I libri li portavo via per primi. Una volta, sbattendo la porta e uscendo impaziente dalla casa di un qualche fidanzato, ho abbassato i sedili della mia vecchia Suzuki Ignis (che macchina di razza!) e ho caricato tutti i miei libri sfusi nel portabagagli. Arrivavano fino al tettuccio, non vedevo niente e non sapevo come fare retromarcia. Un passante, che capì la difficoltà, mi venne in soccorso e, per stemperare l’agitazione, disse: «Puoi posarne qualcuno qui, sul marciapiede, nessuno se li prende!»
Il sottinteso alla sua dichiarazione era, come sempre è, che la gente che ha una vita dei libri non sa che farsene.
Le risposte del mondo editoriale a questa sciocca convinzione non mi hanno mai appassionata molto.
Le discussioni sulla quantità dei lettori in Italia (pochi), sulla quantità dei lettori di racconti (ancor meno), sul luogo comune per cui “tutti scrivono e nessuno legge” – ormai del tutto inutile, perché abusato proprio da quelli che, in effetti, prima di scrivere sarebbe meglio leggessero un po’ – non si muovono di un millimetro dall’ovvietà di quello che denunciano.
Trovo spesso ridicole le iniziative per incentivare la lettura (indimenticabile l’#ioleggoperché organizzata dall’AIE l’anno scorso, con i Messaggeri – i messaggeri! – che distribuivano per strada i libri da classifica).
Trovo inutile il dibattito sulle scuole di scrittura (l’omologazione e blablabla).
Trovo esasperante l’idea di snobbare la gente per quello che legge (Fabio Volo) o per quello che vede (Checco Zalone) e non per quello che è: qualcuno che ride di una certa battuta, una battuta che a te non farebbe mai ridere, neanche se la sentissi venir fuori dalla bocca del tuo intelligentissimo idolo, a cena fuori e ubriaca. (Dunque se qualcosa di sbagliato c’è non è in Fabio Volo o in Checco Zalone, ma nel tipo con cui hai scelto di andare a cena. E perché non lo molli e basta, e lasci in pace chi, invece, lo trova irresistibile?)

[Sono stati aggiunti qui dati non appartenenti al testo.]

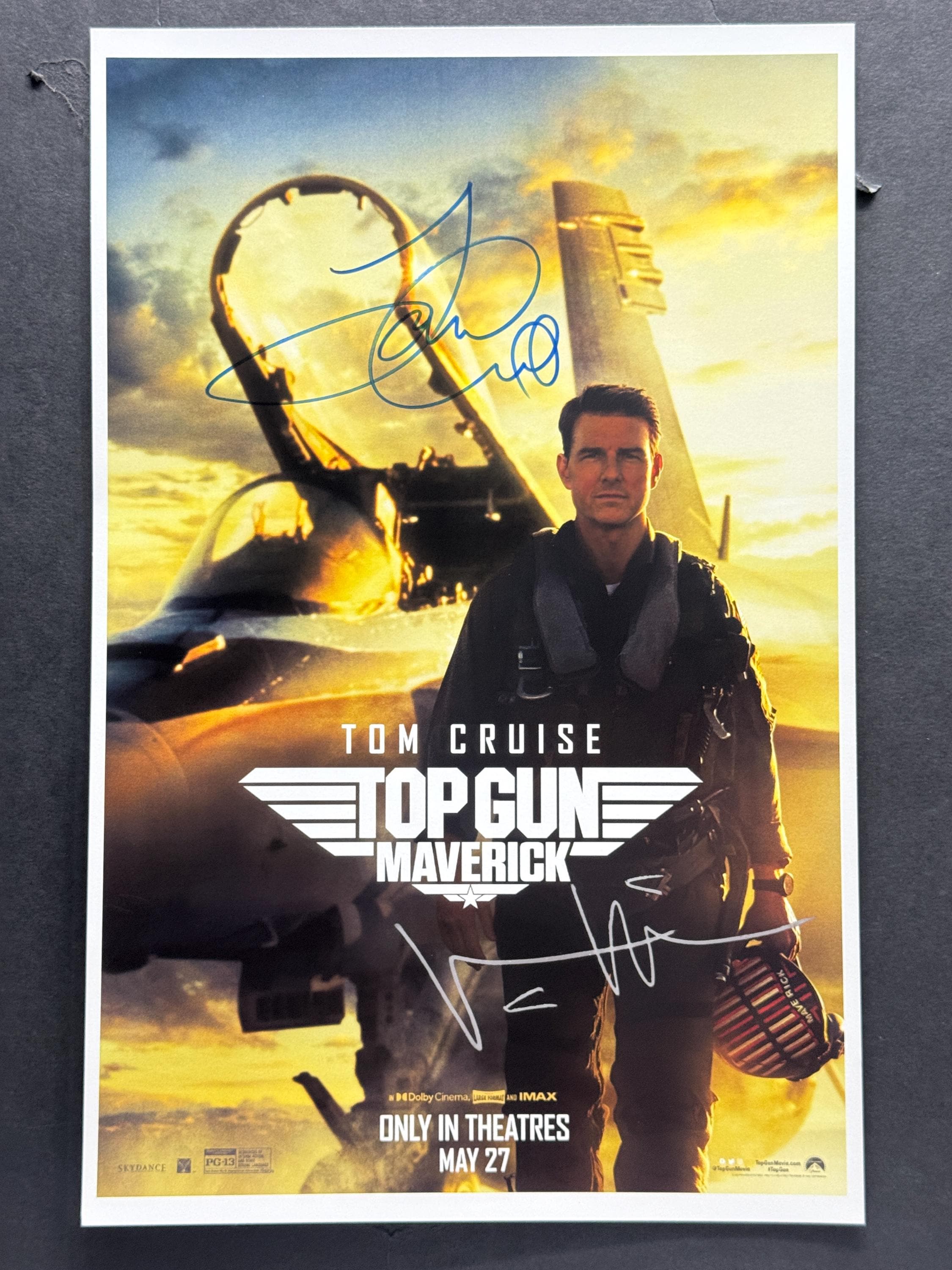TOP GUN MAVERICK Movie Poster Signed by Tom Cruise and Val Kilmer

E trovo più dannosa di tutti la mitologia sul “lettore forte” che è questo tizio in gamba che legge almeno un libro al mese e grazie a lui l’editoria si tiene a galla, e nessuno che vada a domandargli: scusa, ma quale libro leggi?
Il problema dell’editoria italiana – è, da sempre, anche il problema del mondo della cultura tutta – è che crede di essere migliore. Di chi? Di cosa? Non si sa.
E in questa vaghezza spacciata per categoria filosofica si nasconde il difetto dell’obiettivo. Se l’obiettivo è far comprare più libri, perché così ci si tiene a galla, allora spacciarsi per migliori diventa un gioco disonesto.
Se l’obiettivo è, invece, mostrare a chi non lo sa che leggere e la vita non sono contrapposti, allora è falso insistere con la storia che per essere intelligenti e migliori bisogna leggere tanto.
Tutt’altro: bisogna leggere meno, e semmai leggere meglio.
Ed è nel leggere meglio che si può fare qualcosa. Qualcosa che non sia suggerire al prossimo di leggersi un bel classico, come se fosse facile, come se fosse un sempreverde buono per tutti. Come se stessimo davvero facendo una buona azione, un’azione utile, dicendo Dai, appena finisci di leggere quella cavolata di Fabio Volo ti presto Anna Karenina: vedrai che meraviglia!
Se lo facciamo non abbiamo capito niente. Oppure non abbiamo mai letto Anna Karenina.
Dunque per me va benissimo la pubblicità (Comprate tanti nostri prodotti, così diventate più intelligenti!) perché è nel gioco del mercato sedurre i clienti e perché io davvero non credo che pubblicare tanti libri faccia male a qualcuno e, se è per questo, neanche pubblicare libri scadenti. Ma la storia del ridicolizzare la gente che non legge almeno un libro al mese, perché sono più scemi, quella no.
Leggiamo di meno anche noi, piuttosto, e ri-leggiamo pure.
Così magari si risveglia qualche idea sopita, un modo migliore di vedere le cose, ci accorgiamo che andare a correre con la vicina che si porta in borsa dei titoli imbarazzanti non è poi così male e, d’incanto, a qualcuno di noi verrà in mente una cosa giusta da fare per rendere più interessante questa vecchia, stanca, buffa editoria.
[Messaggio privato]
Caro passante, mi sono trasferita nella casa nuova da un paio di settimane, i miei libri sono ancora tutti nella vecchia e, nonostante ciò, le cose vanno a meraviglia.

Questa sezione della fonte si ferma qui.